Mr Uribe praised "Europe's resolve" during his visit to Brussels
"The answer is no. There is no reason to change our position," said EU foreign policy chief Javier Solana after talks with Colombia's president.
Alvaro Uribe is on a European tour to discuss ways to liberate dozens of hostages held by the guerrilla group.
Colombia accuses the Farc of holding more than 700 captives.
Earlier this month, the Venezuelan president urged the US and European governments to stop treating Colombian left-wing rebel groups as terrorists.
After helping to broker the release of two high-profile hostages, Mr Chavez said the Farc and the National Liberation Army (ELN) were armies with a political project and should be recognised as such if peace talks were to progress.
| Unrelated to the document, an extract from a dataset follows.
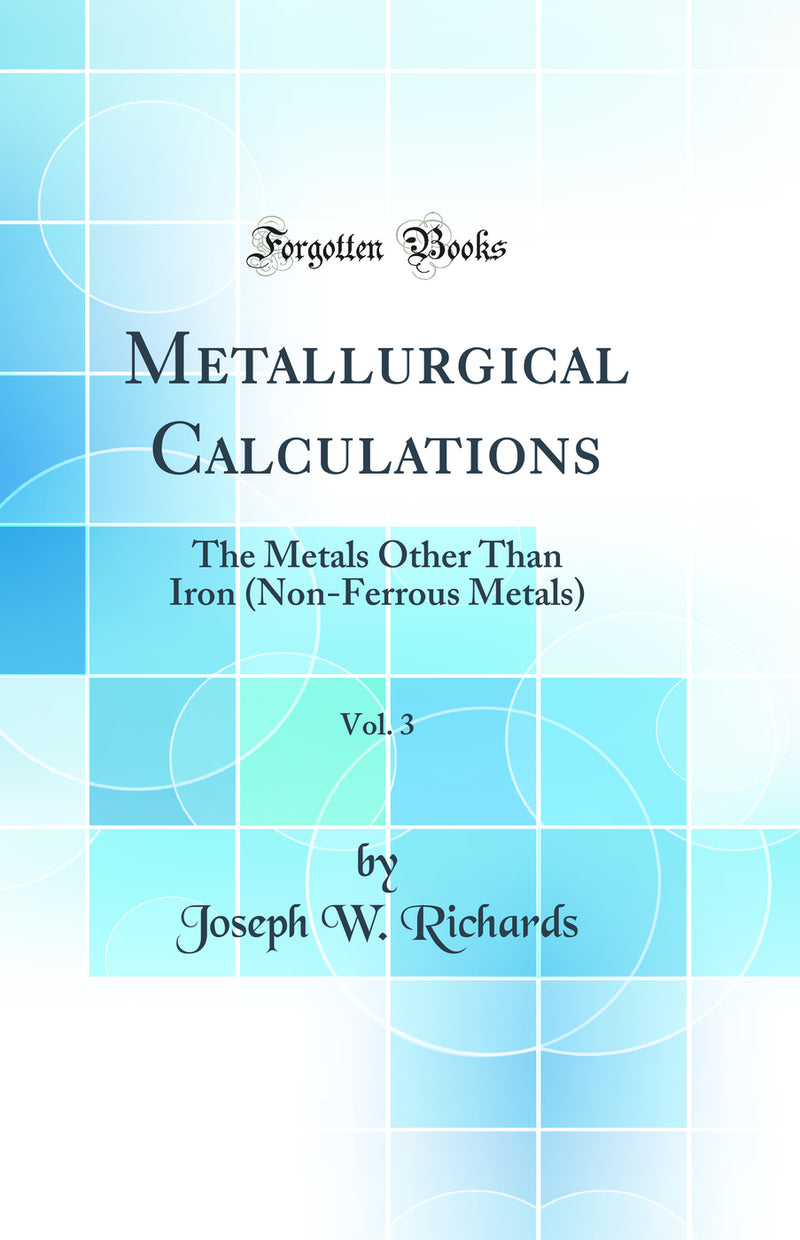 Metallurgical Calculations, Vol. 3: The Metals Other Than Iron (Non-Ferrous Metals) (Classic Reprint)
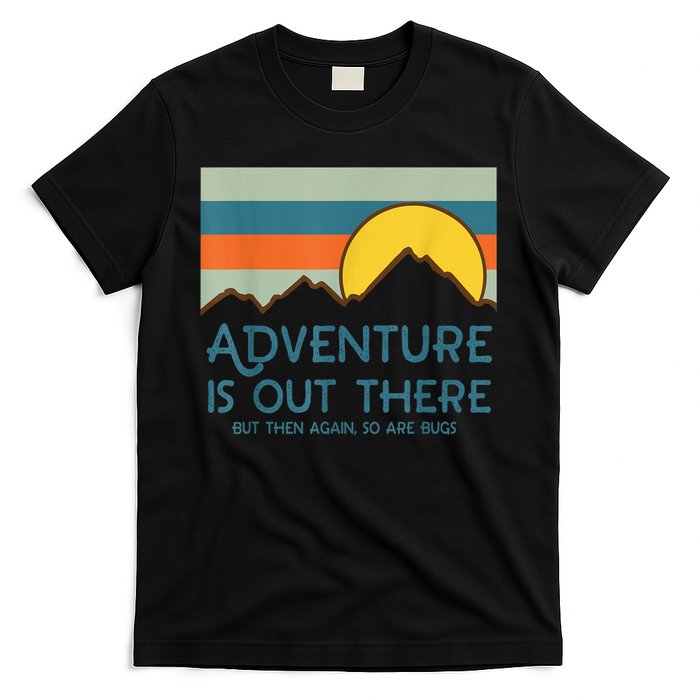 Adventure Is Out There But Then Again So Are Bugs T-Shirt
The Colombian president immediately rejected his call and the EU has supported his stance.
"Uribe has our full support in the battle he is waging against terrorism. The terrorists must free the hostages with no conditions," said Javier Solana following the talks in Brussels.
European Commission President Jose Manuel Barroso also praised Colombia's efforts to secure the release of the remaining hostages.
He welcomed the release of the two female hostages, which he said afforded "new hope".
But he said: "We cannot forget the other 700, including Ingrid Betancourt, who are being held in inhuman conditions, many of them for several years."
The EU added the Farc to its list of terrorist organisations in June 2002, shortly after Ms Betancourt - a former Colombian presidential candidate - was seized.
The Colombian president said his government was seeking peace but taking the Farc off the list would not be a useful step.
He praised "Europe's resolve" in the matter and called for the reactivation of the mediation role of France, Spain and Switzerland in negotiations.
Mr Uribe describes Farc members as terrorists who fund their operations with cocaine smuggling, recruit children and plant land mines in their effort to topple a democratically elected government.
The Farc and the ELN say they are fighting for a fairer distribution of wealth.
Mr Uribe is now expected to travel to Spain, where he will hold talks with King Juan Carlos and Prime Minister Jose Luis Rodriguez Zapatero.